Thermometer: Towards Universal Calibration for Large Language Models
Maohao Shen, Subhro Das, Kristjan Greenewald, Prasanna Sattigeri,, Gregory Wornell, Soumya Ghosh

TL;DR
This paper introduces THERMOMETER, a novel calibration method for large language models that efficiently improves their response calibration across diverse tasks without sacrificing accuracy.
Contribution
THERMOMETER is a task-agnostic calibration approach that learns an auxiliary model to enhance LLM calibration efficiently and effectively.
Findings
THERMOMETER improves calibration across multiple benchmarks.
The method maintains the original accuracy of LLMs.

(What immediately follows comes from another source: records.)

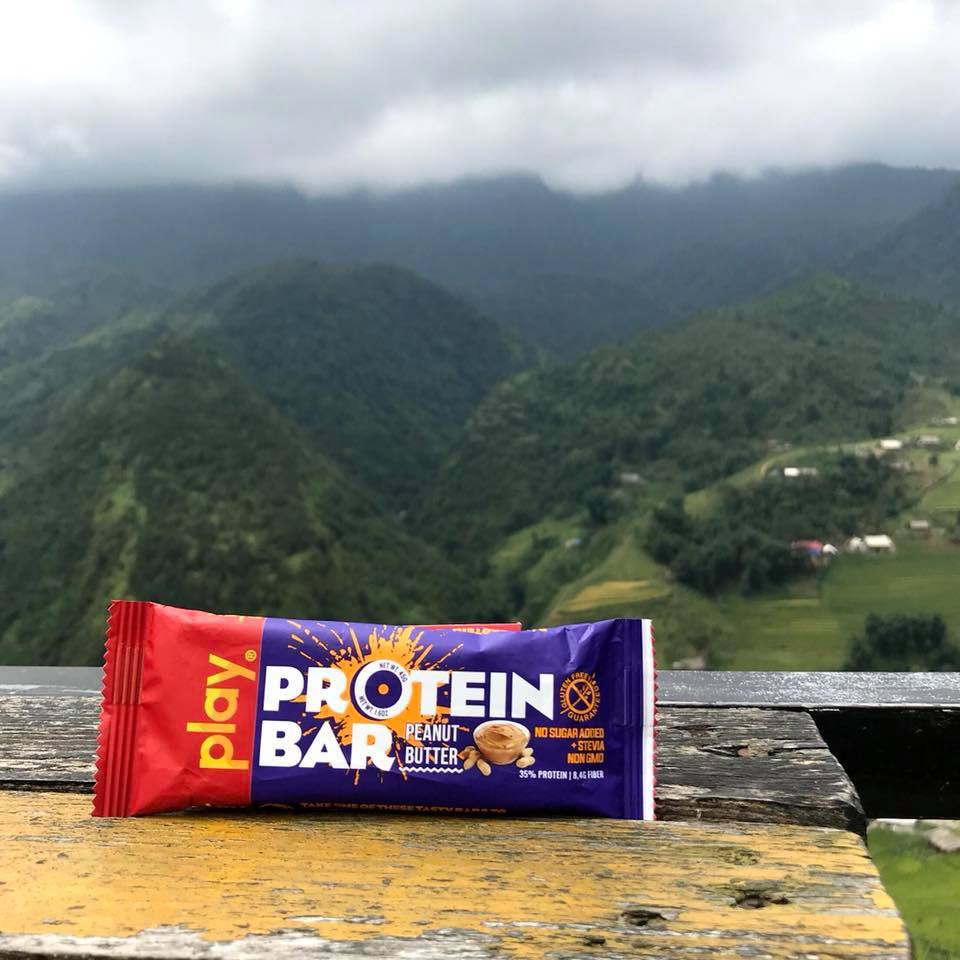 Hộp 12 Thanh Protein PLAY Vị Bơ Đậu Phộng – PLAY Protein Bar Peanut & Butter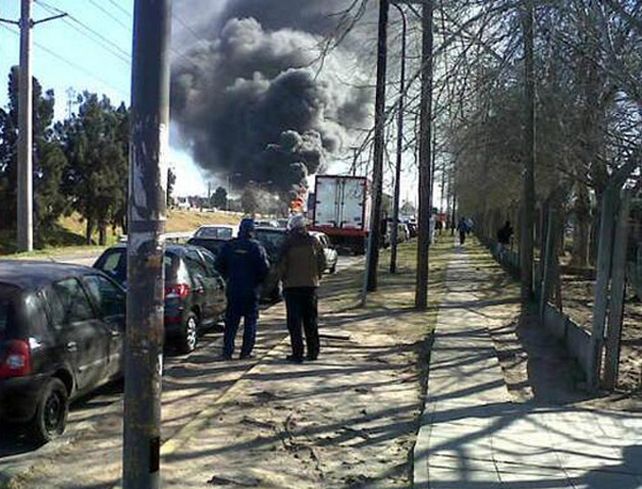 Nueva tragedia en Rosario: las impactantes imágenes del incendio del camión cisterna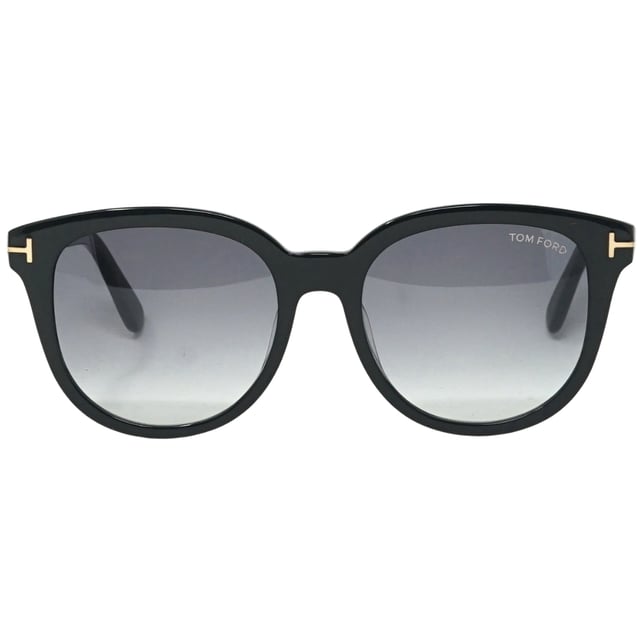 Een vleugje plezier voor je zomerdagen, maar niets bijzonders voor een Collectible Tom Ford. Tom Ford Black Sunglass Perfect voor de zomer. Gemaakt in Italie, Tom Ford Black zonnebril, lensbreedte = 54 mm, neusbrugbreedte = 19 mm, armlengte = 140 mm merk zonnebril en reinigingsdoek omvatte 100% bescherming tegen UVA & UVB zonlicht en conform aan de Britse standaard en 1836: 2005, zonnebril , Zonnebrillenkoffer, reinigingsdoek- en zorginstructies allemaal opgenomen Tom Ford FT0914 01B zonnebrillen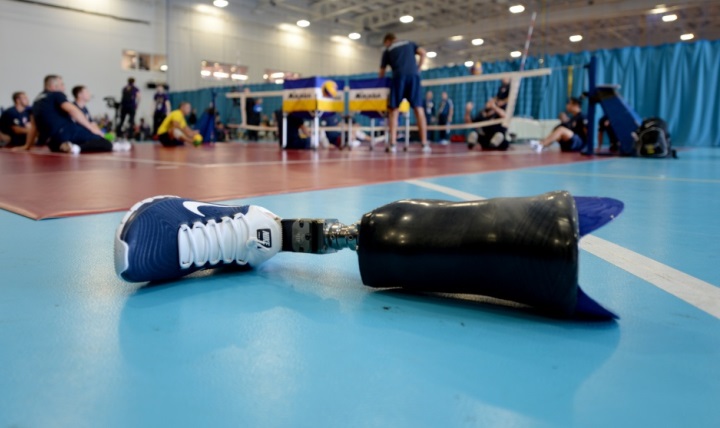 Osseointegration, a process which attaches a prosthetic limb directly to the skeleton, can be an alternative option to traditional socket-based prosthetics for qualified patients. It is currently undergoing clinical trials at Walter Reed National Military Medical Center in Bethesda, Maryland. (U.S. Navy photo by Mass Communication Specialist 2nd Class Joshua D. Sheppard)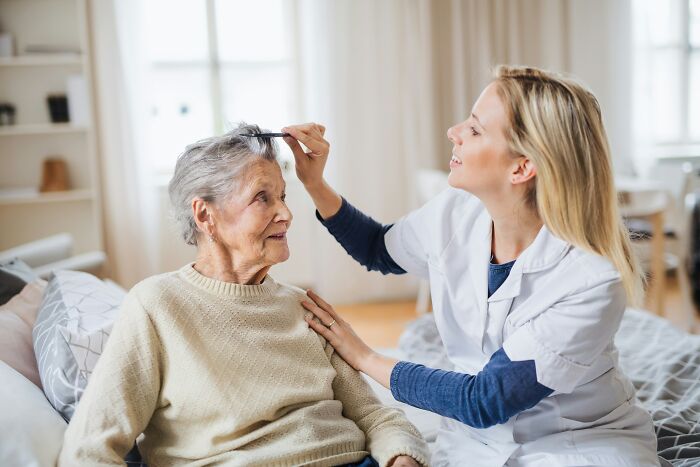 Nurses Still Have No Explanation To These 40 Things That Happened With Their Patients Nurses Still Have No Explanation To These 40 Things That Happened With Their Patients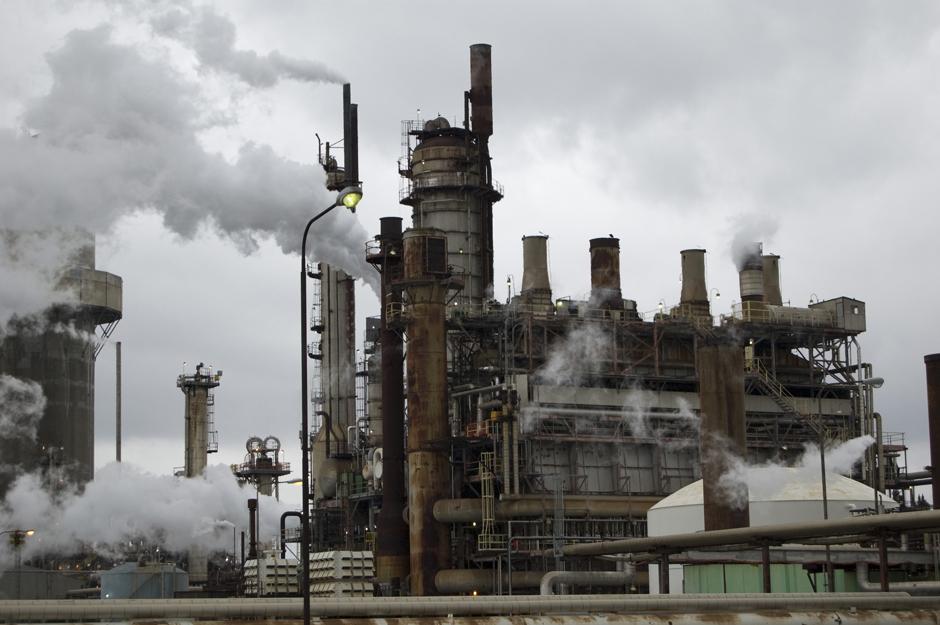Toxins being released from an oil refinery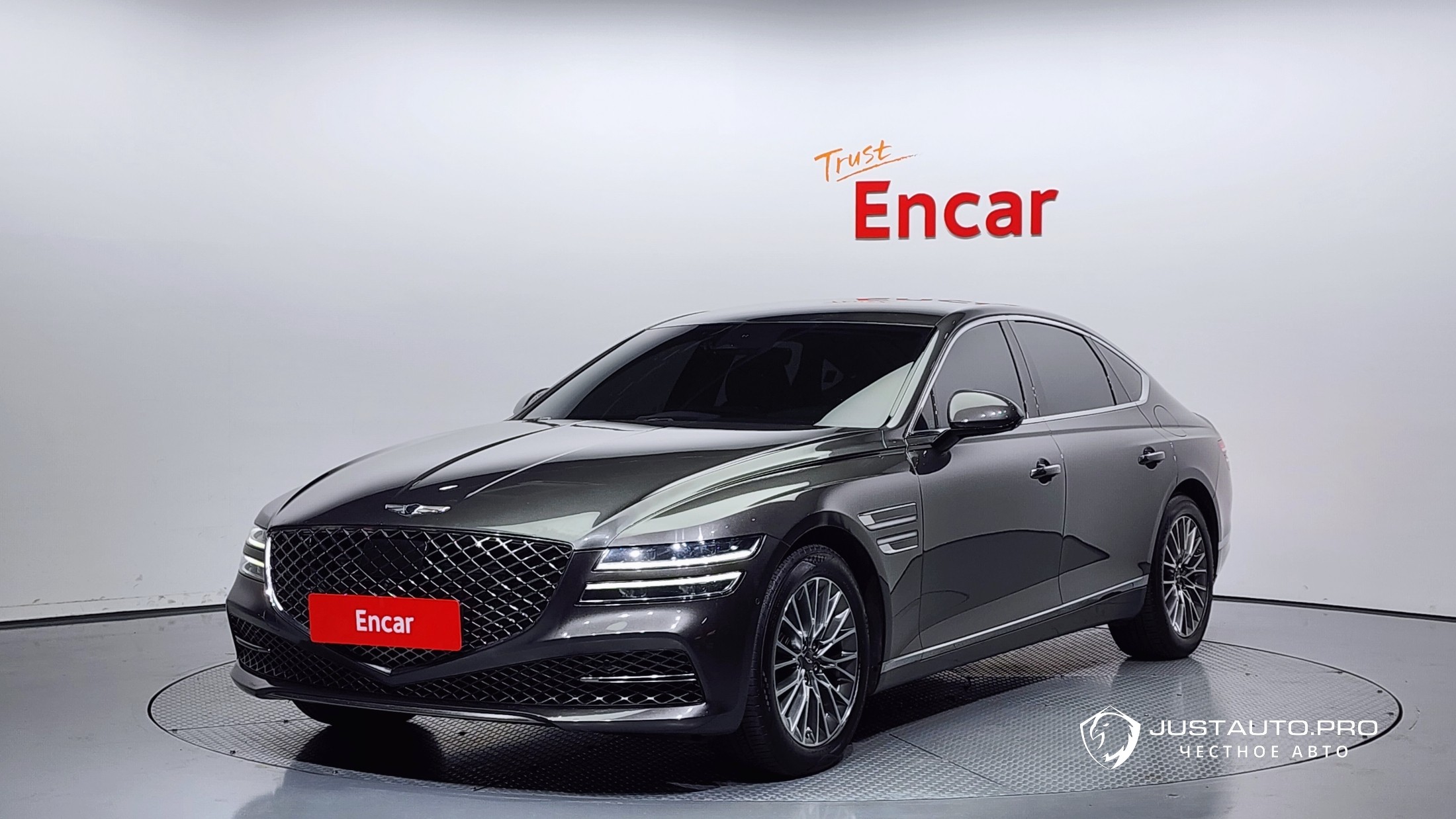 Автомобиль Genesis G80
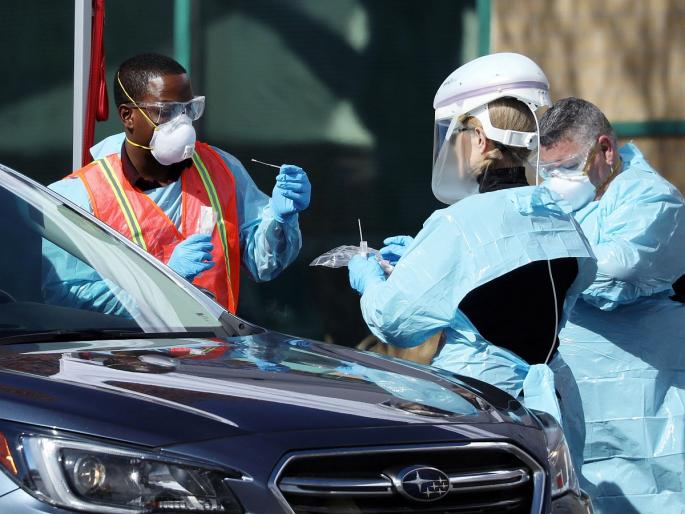 Corona Virus Omicron cases are declining in african countries but 8 and a half lakh people have died in America | Corona Virus : एकीकडे दिलासा, एकीकडे चिंता! African देशांत Omicron रुग्ण संख्येत घट, अमेरिकेत मात्र कोरोनाचा कहर Corona Virus Omicron cases are declining in african countries but 8 and a half lakh people have died in America | Corona Virus : एकीकडे दिलासा, एकीकडे चिंता! African देशांत Omicron रुग्ण संख्येत घट, अमेरिकेत मात्र कोरोनाचा कहर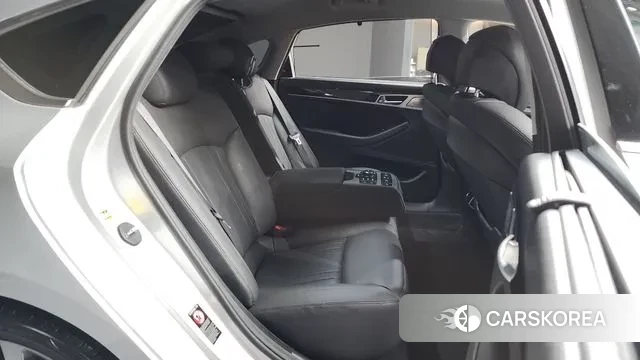 Genesis G80 2018 Серебряный из Кореи, фото 3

It is computationally efficient for large-scale models.
Abstract
We consider the issue of calibration in large language models (LLM). Recent studies have found that common interventions such as instruction tuning often result in poorly calibrated LLMs. Although calibration is well-explored in traditional applications, calibrating LLMs is uniquely challenging. These challenges stem as much from the severe computational requirements of LLMs as from their versatility, which allows them to be applied to diverse tasks. Addressing these challenges, we propose THERMOMETER, a calibration approach tailored to LLMs. THERMOMETER learns an auxiliary model, given data from multiple tasks, for calibrating a LLM. It is computationally efficient, preserves the accuracy of the LLM, and produces better-calibrated responses for new tasks. Extensive empirical evaluations across various benchmarks demonstrate the effectiveness of the proposed method.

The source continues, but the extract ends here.